The International Energy Agency (IEA) has released its first ever Latin America Energy Outlook to generate insights on the region’s pathways to net-zero decarbonization hopes and realities moving towards the global target of 2050 with both positives and negatives to report for Mexico.

The IEA report explores three scenarios. It focuses on the Stated Policies Scenario (STEPS), reflecting today’s policy settings, and the Announced Pledges Scenario (APS), which assumes all pledges and targets are achieved in full and on time, including climate goals established by Nationally Determined Contributions. The APS also reflects the net zero emissions pledges made by 16 countries, including Mexico. STEPS provides a more conservative benchmark for the future than that of the APS by not taking for granted that governments will reach all announced goals. The IEA framework explores the gaps between policy and targets, or in a sense, between what governments have guaranteed, current policy, and what they aspire to reach. Progress is also benchmarked against the Net Zero Emissions by 2050 (NZE) Scenario, which lays out a pathway to decarbonize the global energy system by mid-century.

Among its findings: Mexico by far the biggest importer of natural gas in Latin America and the Caribbean (LAC), most coming from the US and chiefly Texas. Mexico imported more than 45 billion cubic meters from the United States via pipelines in 2022.  Under the STEPS scenario, natural gas imports widen further, even with natural gas production increasing nearly 25% by 2050. Under all scenarios, oil production in Mexico falls, but under STEPS it plateaus as demand remains steady. In the STEPS, natural gas and solar PV together look to meet over 95% of electricity generation growth to 2050 in Mexico.

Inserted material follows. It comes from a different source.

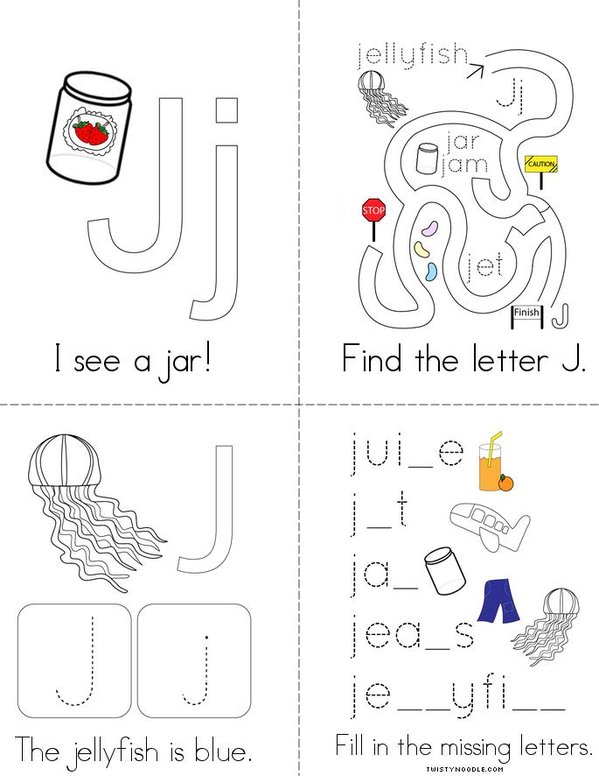 Letter J Words Mini Book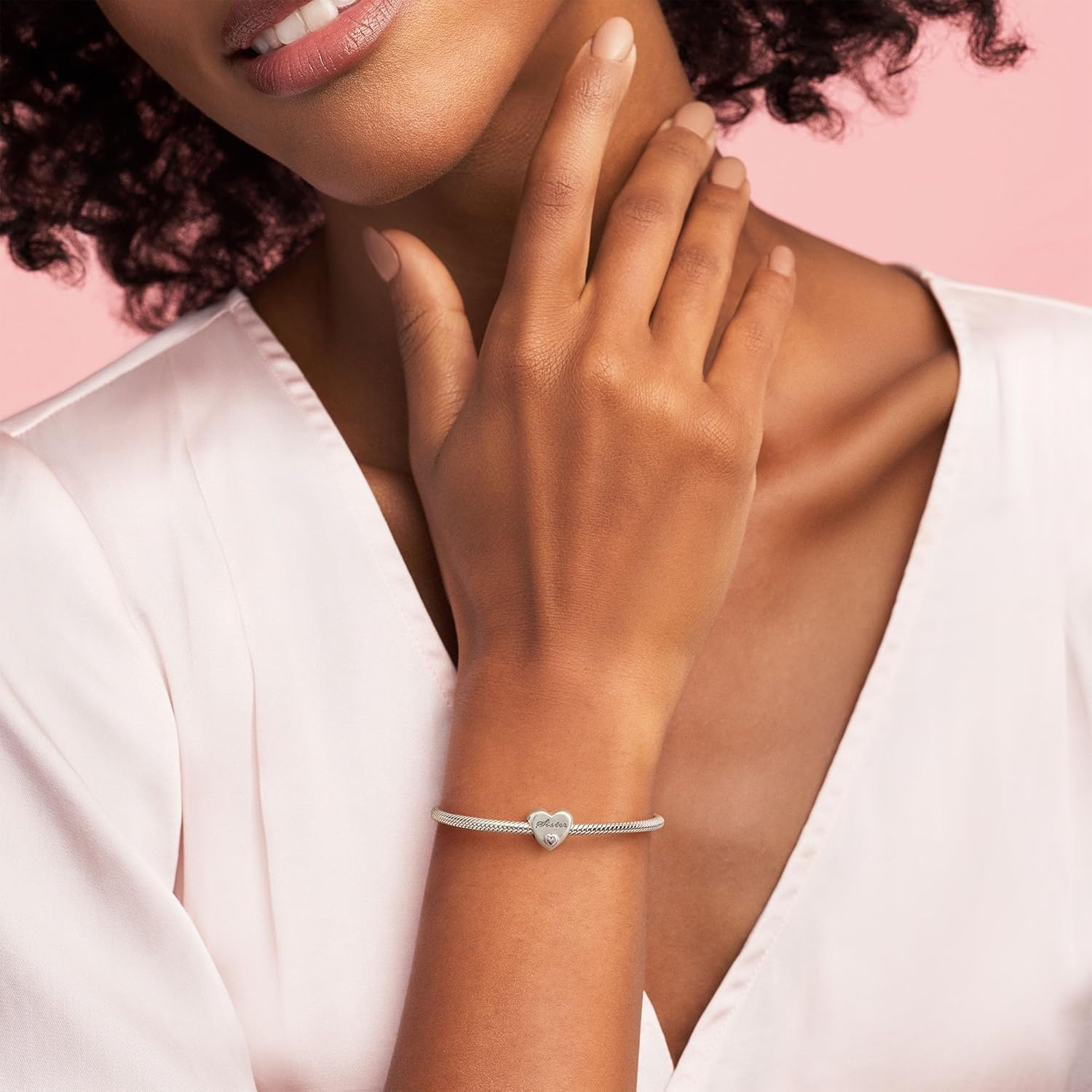 image:imagePANDORA Sisters Love Charm Compatible Moments Jewelry for Women Sterling Silver Bracelet Charm with Cubic Zirconia Gift with Gift Box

In both the STEPS and APS, the share of fossil fuels in energy consumption in industry in Mexico remains high. In the APS, the share of bioenergy remains low compared to other LAC countries. Electrification increases in road transport after 2030 in both scenarios. In the APS, electricity accounts for over half of energy consumption in transport by 2050.

Remarkably, the IEA also found that ownership of air conditioners more than triples by 2050 and is responsible for more than 40% of the increase in electricity consumption in Mexico’s buildings sector in the STEPS. Energy-efficient appliances limit the size of the increase in the APS. However, in both scenarios, electricity consumption in buildings almost doubles from current levels. It contributes to a total peak demand increase of 40% in the APS by 2050.